Exercise data:
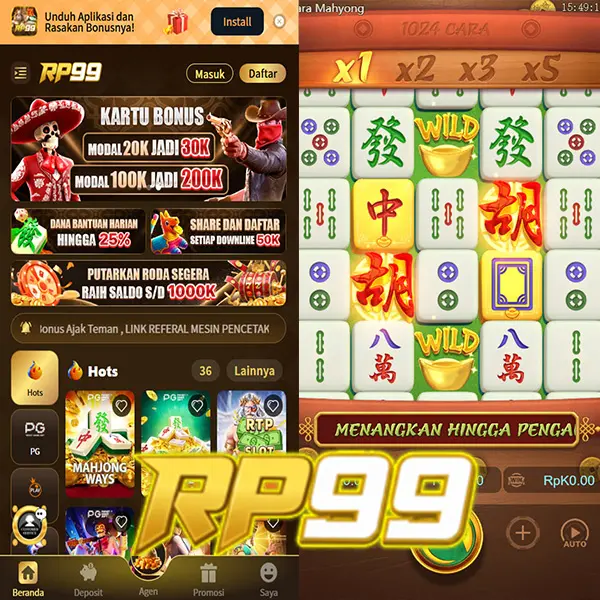 rp99 APK Resmi Unduh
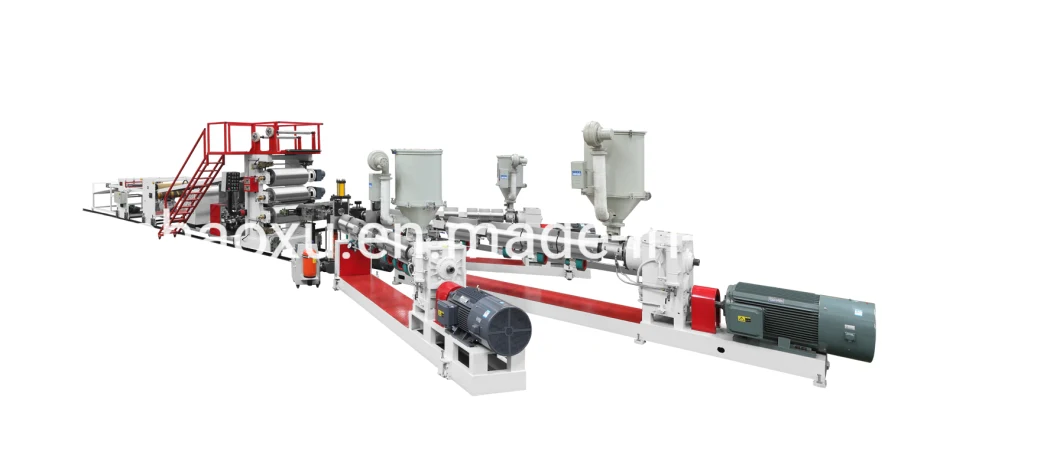 Turkey Hot Sell Luggage Bag Making Plastic Recycling Extruder Machine for Suitcase
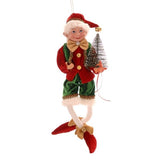 Decoratiune spiridus multicolor, 40  cm, Merry Bright  - Simona's Christmas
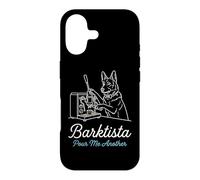 Barktista Pour Me Another German Shepherd Coffee Drinker Case for iPhone 17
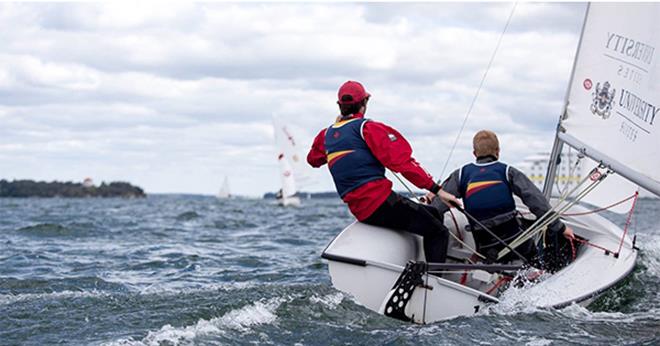 Helly Hansen Sailor of the Month - Zachary Baum photo copyright TSGphoto.com taken at Sail Canada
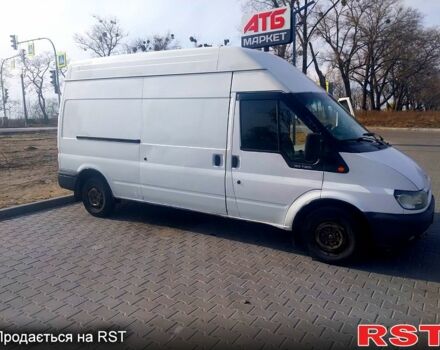 Белый Форд Транзит, объемом двигателя 20 л и пробегом 200 тыс. км за 4800 $, фото 6 на Automoto.ua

Task to complete:
The required response consists solely of the lines from the line containing "Helly Hansen Sailor" through the end of the listing, both ends included, copied exactly without pictures.

The completed task:
 Helly Hansen Sailor of the Month - Zachary Baum photo copyright TSGphoto.com taken at Sail Canada
 Белый Форд Транзит, объемом двигателя 20 л и пробегом 200 тыс. км за 4800 $, фото 6 на Automoto.ua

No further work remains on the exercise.